WHAT YOU SHOULD DO: So long as no pictures are carried over, output the records below exactly.
=-=-=
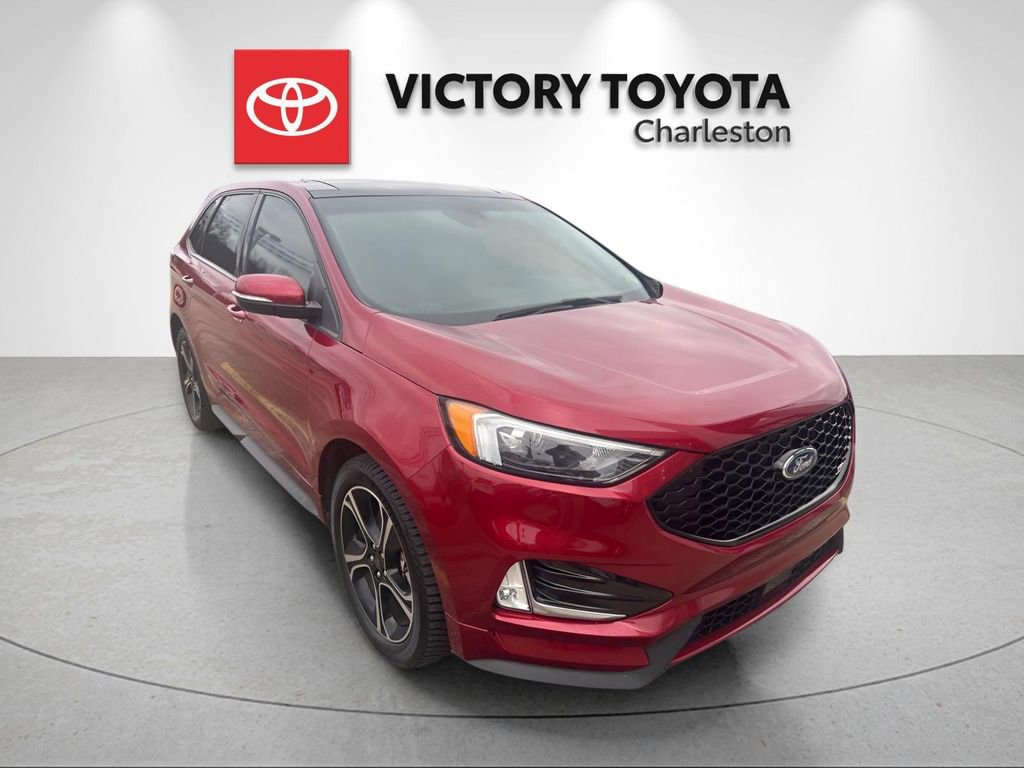 Used 2019 Ford Edge ST image 3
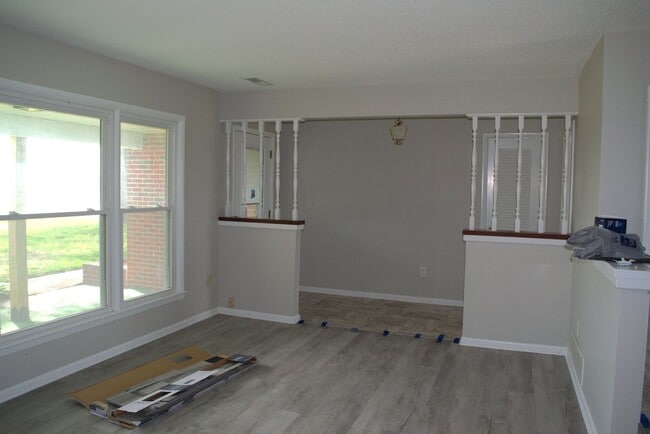 Building Photo - Nice 3 Bedroom Farm House In Fayette!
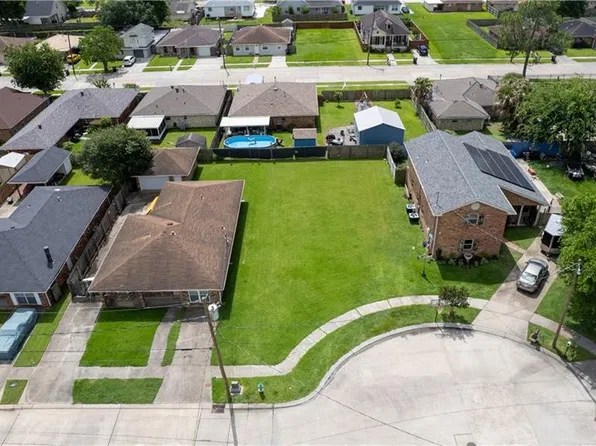 3301 Charles Ct, Chalmette, LA 70043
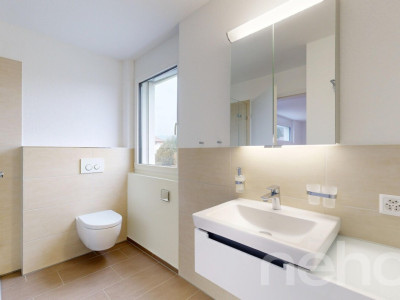 Lichtdurchflutetes 6.5-Zimmerhaus in ruhiger Lage image 9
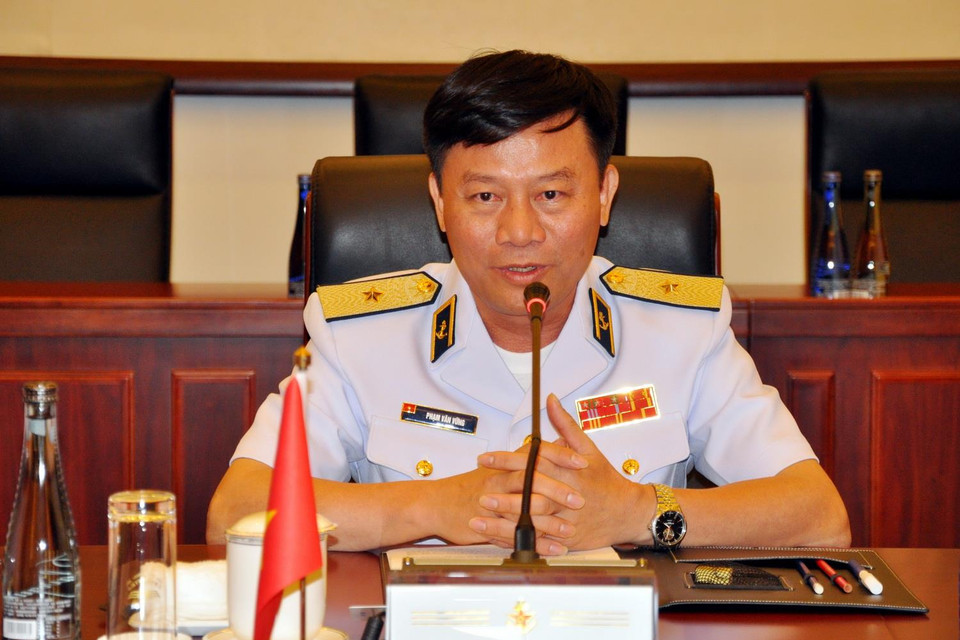 Chuẩn Đô đốc Phạm Văn Vững giới thiệu kinh nghiệm về lĩnh vực công tác Đảng, công tác chính trị trong Hải quân Việt Nam. (Ảnh: Bùi Tuấn/Vietnam+)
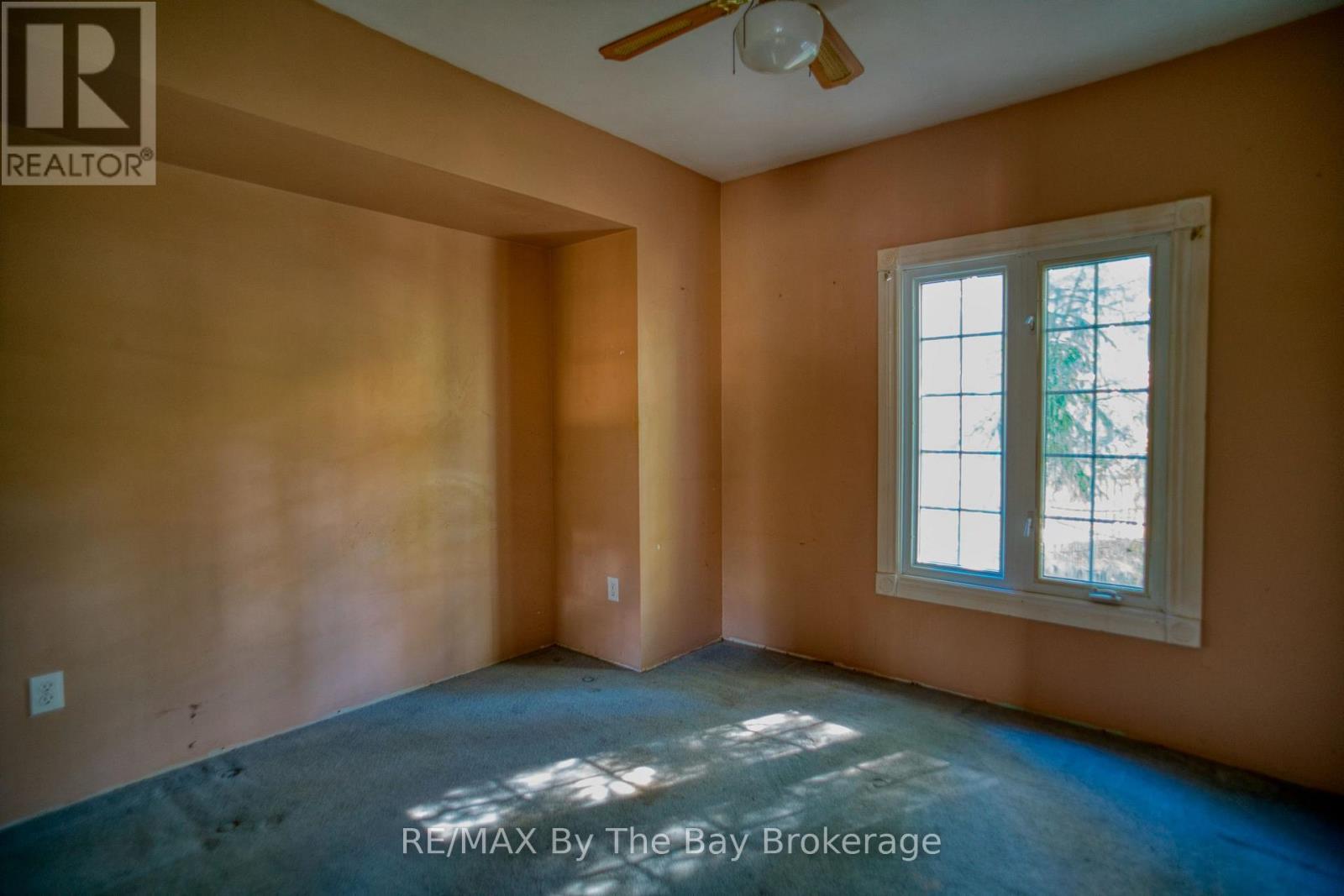 18 Elm Drive Property Photo 13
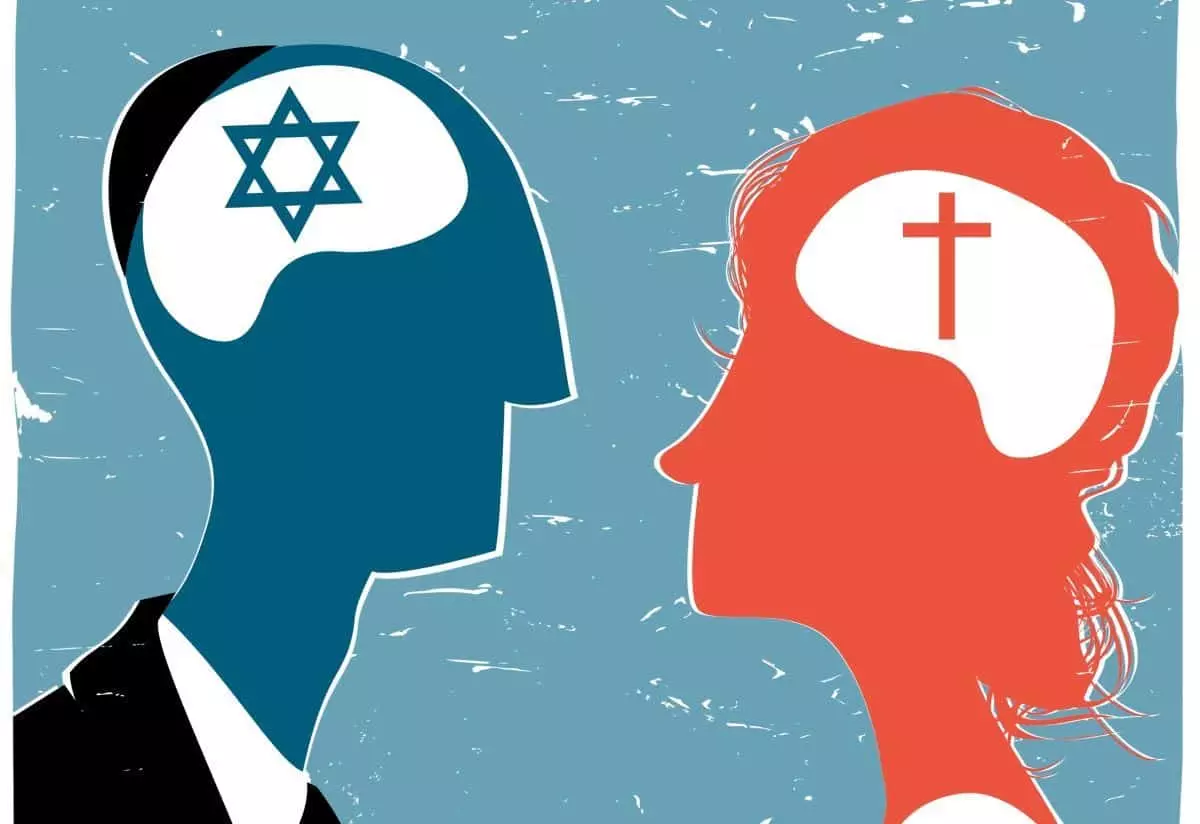 Judaisme og kristendom: Gennemgang af forskellene mellem dem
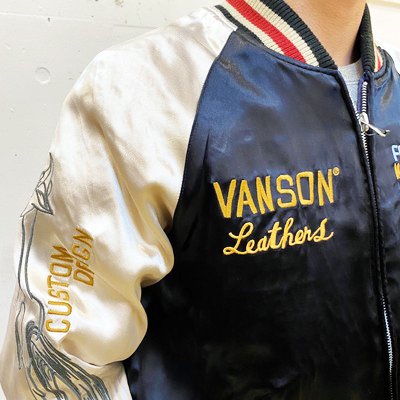 入荷・送料無料】ＶＡＮＳＯＮ×ＬＯＯＮＥＹ ＴＵＮＥＳ リバーシブル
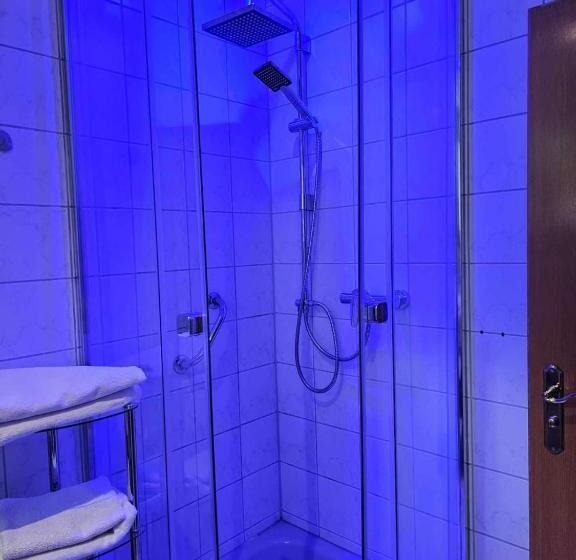 スーペリアールーム, Wild West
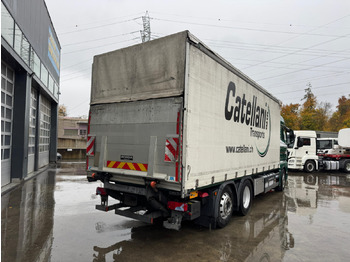 Curtainsider truck MAN TGX 26.480 6x2: picture 5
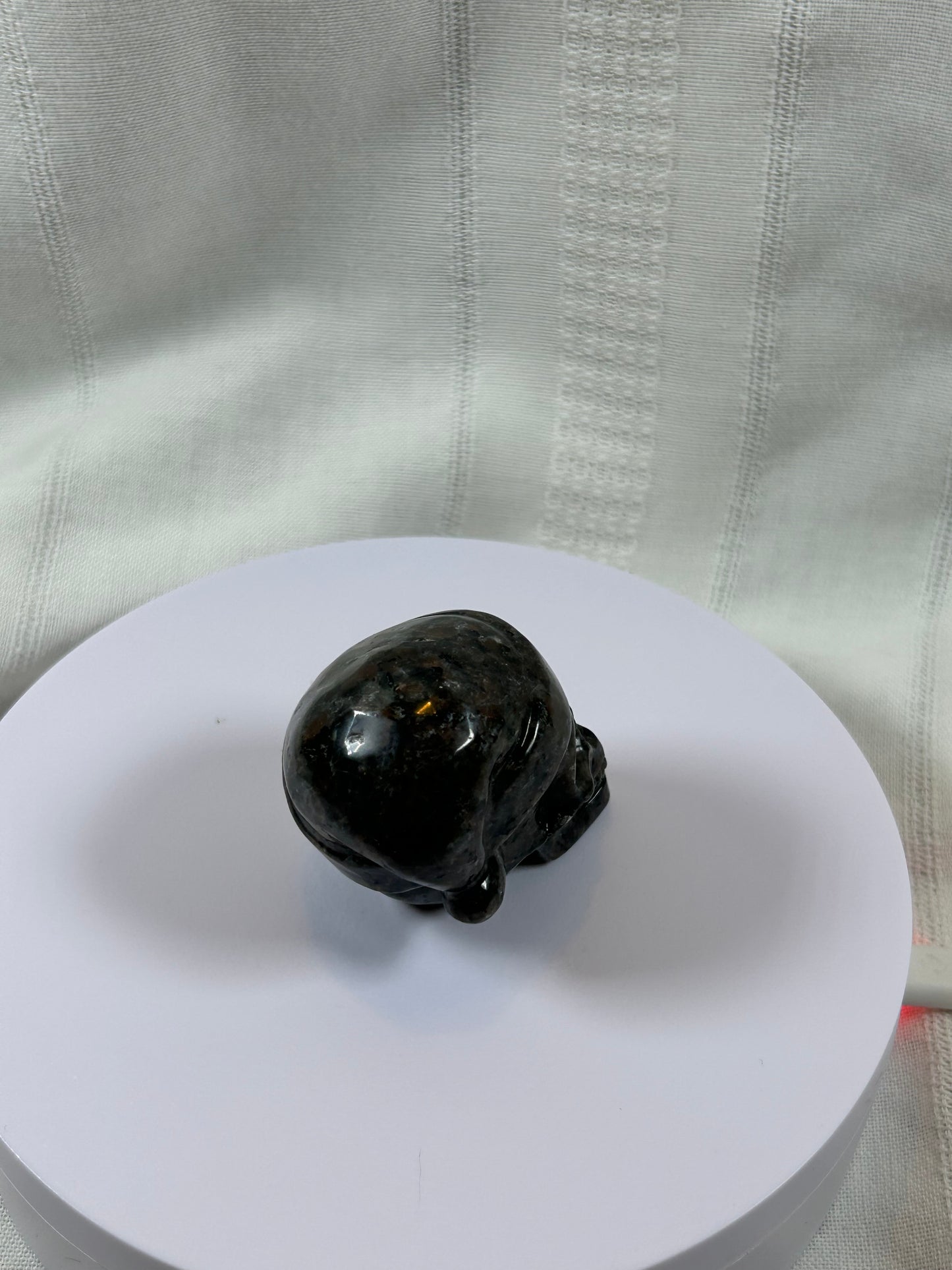 (#57) - YOOPERLITE SKULL WITH SANTA HAT - NEW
=-=-=
EXPECTED ANSWER:
 Used 2019 Ford Edge ST image 3
 Building Photo - Nice 3 Bedroom Farm House In Fayette!
 3301 Charles Ct, Chalmette, LA 70043
 Lichtdurchflutetes 6.5-Zimmerhaus in ruhiger Lage image 9
 Chuẩn Đô đốc Phạm Văn Vững giới thiệu kinh nghiệm về lĩnh vực công tác Đảng, công tác chính trị trong Hải quân Việt Nam. (Ảnh: Bùi Tuấn/Vietnam+)
 18 Elm Drive Property Photo 13
 Judaisme og kristendom: Gennemgang af forskellene mellem dem
 入荷・送料無料】ＶＡＮＳＯＮ×ＬＯＯＮＥＹ ＴＵＮＥＳ リバーシブル
 スーペリアールーム, Wild West
 Curtainsider truck MAN TGX 26.480 6x2: picture 5
 (#57) - YOOPERLITE SKULL WITH SANTA HAT - NEW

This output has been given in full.